Justin Ellen found himself at a difficult crossroad when he was 17 — should he pursue his passion for baking full-time, or go to college to further his education?
At that time, the youngest contestant of Netflix’s popular baking show was making custom cakes from home as a side-hustle, while also juggling with school.
He was bringing home at least $5,000 a month, but he couldn’t help but compare himself to his peers.
“The thing that got me down was like, I was seeing all my friends [apply for colleges].”
Nonetheless, the young celebrity baker stuck to his guns, believing that “everyone has their own path.”
Just two years later, the full-time entrepreneur and owner of cake business, Everything Just Baked, is earning more than $100,000 a year — and he’s not turning back.
In March this year, he made his debut on Netflix’s “Is It Cake?” — a baking contest where cake artists create edible replicas of everyday objects, such as bowling pins and sewing machines.
The show, which premiered on the streaming service on March 18, was in the Top 10 most-watched list in the U.S. for four weeks.
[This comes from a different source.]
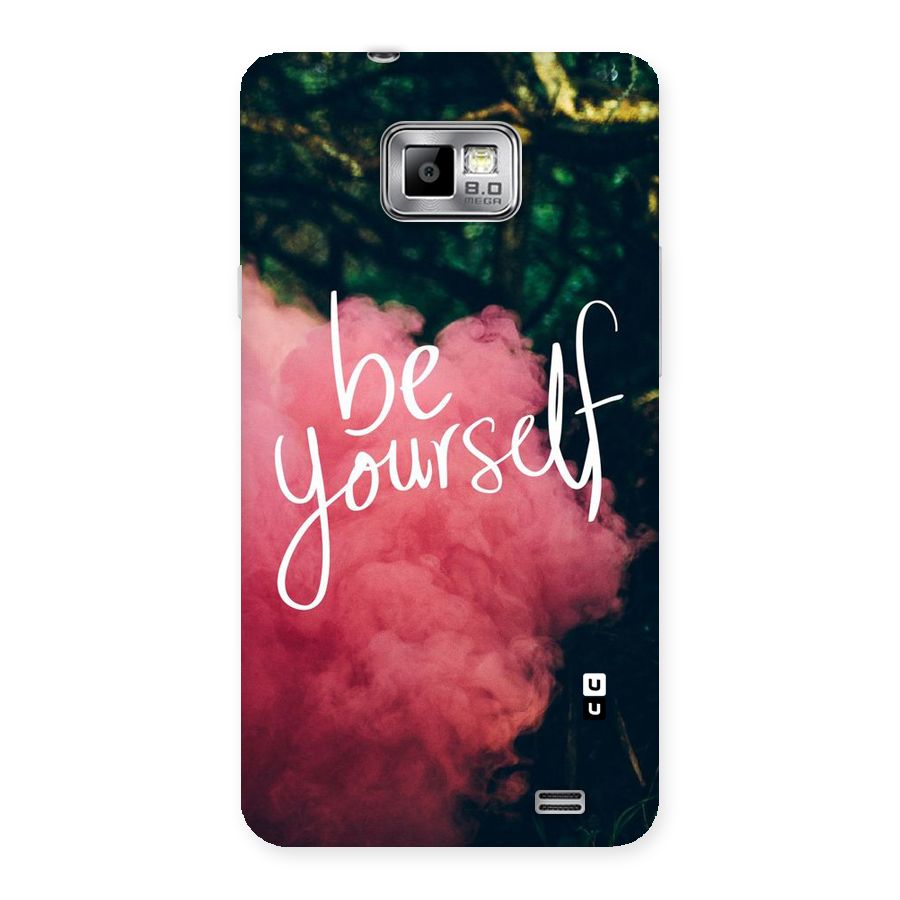 Be Yourself Greens Back Case for Galaxy S2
It also raked in more than 100 million hours of views from around the world.
But the path of success is not without failures, Ellen tells CNBC Make It. Sheer hard work and wise words from loved ones also helped prod him along.
‘Who made this cake?’
As a digital native, Ellen knew from the start that having a social media presence would be crucial in building his business. But it took a lot of practice — and courage — to make himself known.
“In the beginning, my social media wasn’t great … not great photos, they were very blurry. But as I kept on progressing, I realized they have to be super clean.”
Ellen also saw that Instagram was “really pushing” video content on the platform and that’s when he decided to turn the camera on himself, sharing snippets of his life as a young baker.
“I was definitely shy in the beginning because it was just awkward for me … but the more you do it, it’s like, oh well and honestly no one cares if your hair’s a little frizzy today,” he shared.
“Honestly, it makes you more relatable. People want to know the person behind the brand and if they enjoy you, they’re gonna want to spend money with you.”
Even so, Ellen said that posting on social media was something he “didn’t take seriously” at the start.
“I was just posting for fun. Eventually, [through] word of mouth … people kept asking ‘Can I order a cake?'”
Ellen also slowly built his following and clientele by baking whenever he had the chance, even if it was for family events.
“It doesn’t even have to be a huge cake … just make something small because you don’t know who’s going to be there. Someone’s going to eat it and ask, ‘Who made this cake?'”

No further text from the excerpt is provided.